Instruction for the entries below: return the part that opens with the line containing "May include: A" and closes with the line containing "Un salon moderne", exactly, and no pictures.

## INPUT DATA
════════

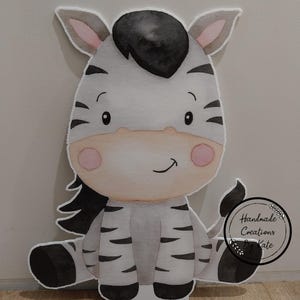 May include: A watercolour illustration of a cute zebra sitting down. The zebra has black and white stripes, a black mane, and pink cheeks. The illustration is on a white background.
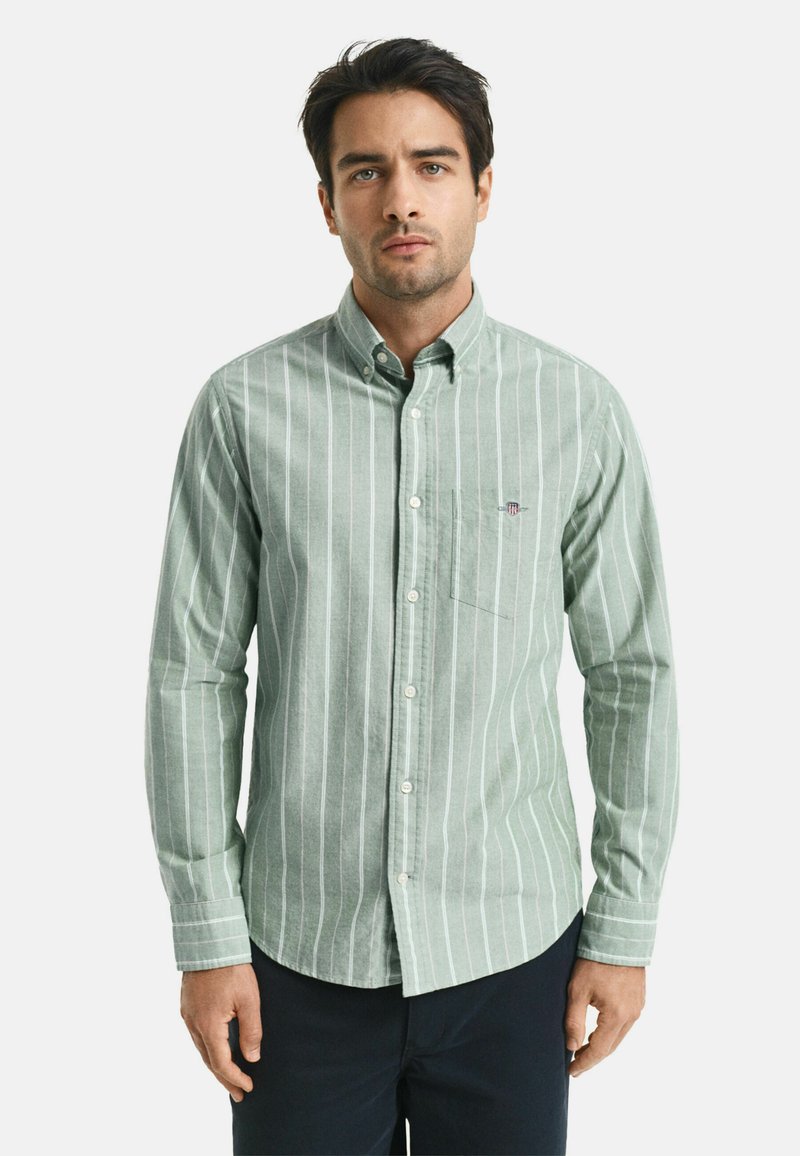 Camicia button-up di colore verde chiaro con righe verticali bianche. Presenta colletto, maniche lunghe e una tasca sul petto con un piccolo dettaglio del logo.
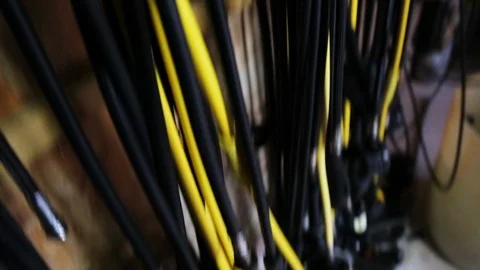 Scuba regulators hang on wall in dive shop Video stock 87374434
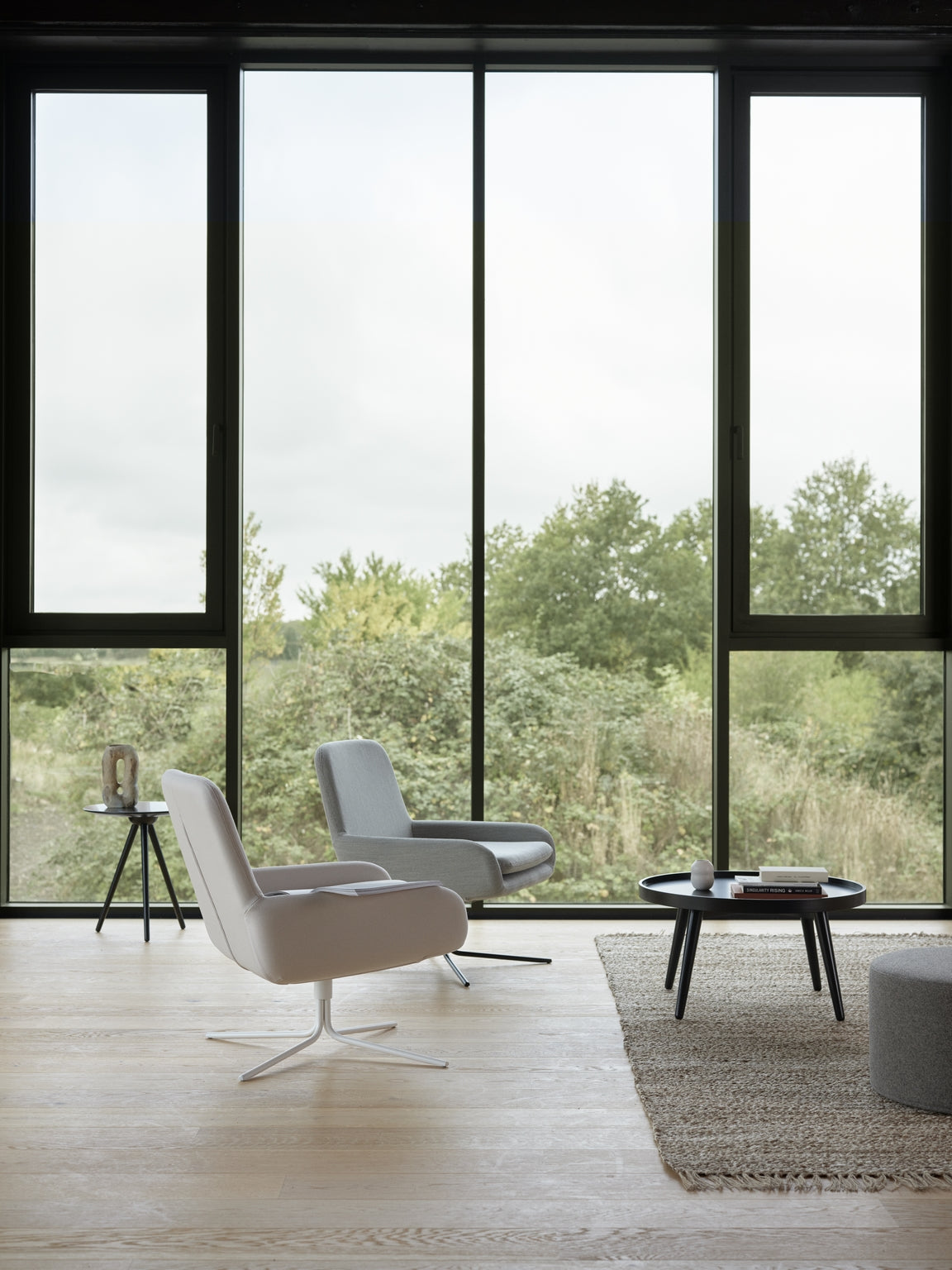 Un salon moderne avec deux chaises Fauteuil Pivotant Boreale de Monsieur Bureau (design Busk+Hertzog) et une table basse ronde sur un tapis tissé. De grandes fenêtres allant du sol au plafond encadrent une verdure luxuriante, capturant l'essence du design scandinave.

════════

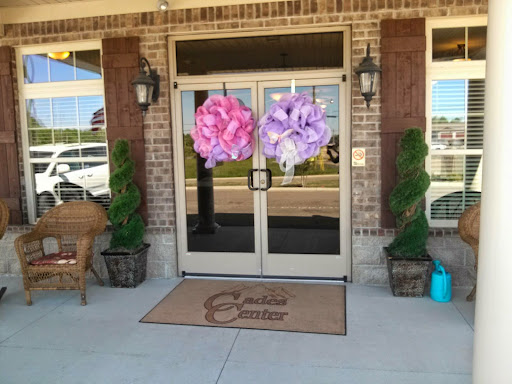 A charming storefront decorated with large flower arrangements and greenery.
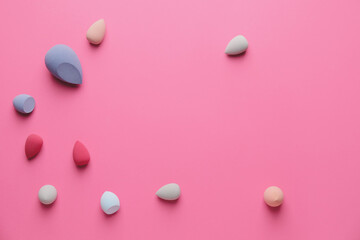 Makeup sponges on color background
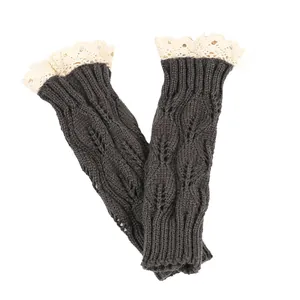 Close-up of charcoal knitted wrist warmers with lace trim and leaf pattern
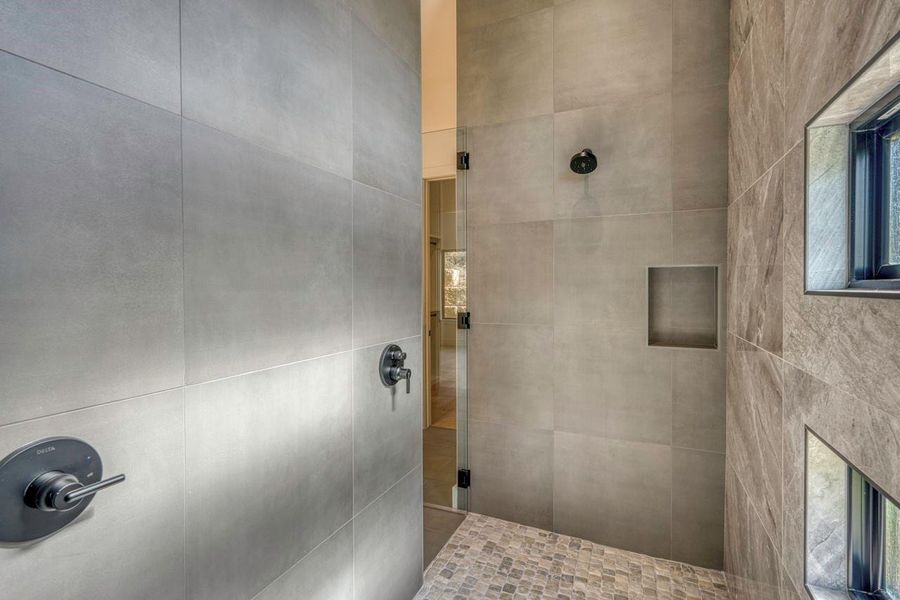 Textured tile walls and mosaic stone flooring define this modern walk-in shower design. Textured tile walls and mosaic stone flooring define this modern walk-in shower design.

════════

## WRITTEN SOLUTION
 May include: A watercolour illustration of a cute zebra sitting down. The zebra has black and white stripes, a black mane, and pink cheeks. The illustration is on a white background.
 Camicia button-up di colore verde chiaro con righe verticali bianche. Presenta colletto, maniche lunghe e una tasca sul petto con un piccolo dettaglio del logo.
 Scuba regulators hang on wall in dive shop Video stock 87374434
 Un salon moderne avec deux chaises Fauteuil Pivotant Boreale de Monsieur Bureau (design Busk+Hertzog) et une table basse ronde sur un tapis tissé. De grandes fenêtres allant du sol au plafond encadrent une verdure luxuriante, capturant l'essence du design scandinave.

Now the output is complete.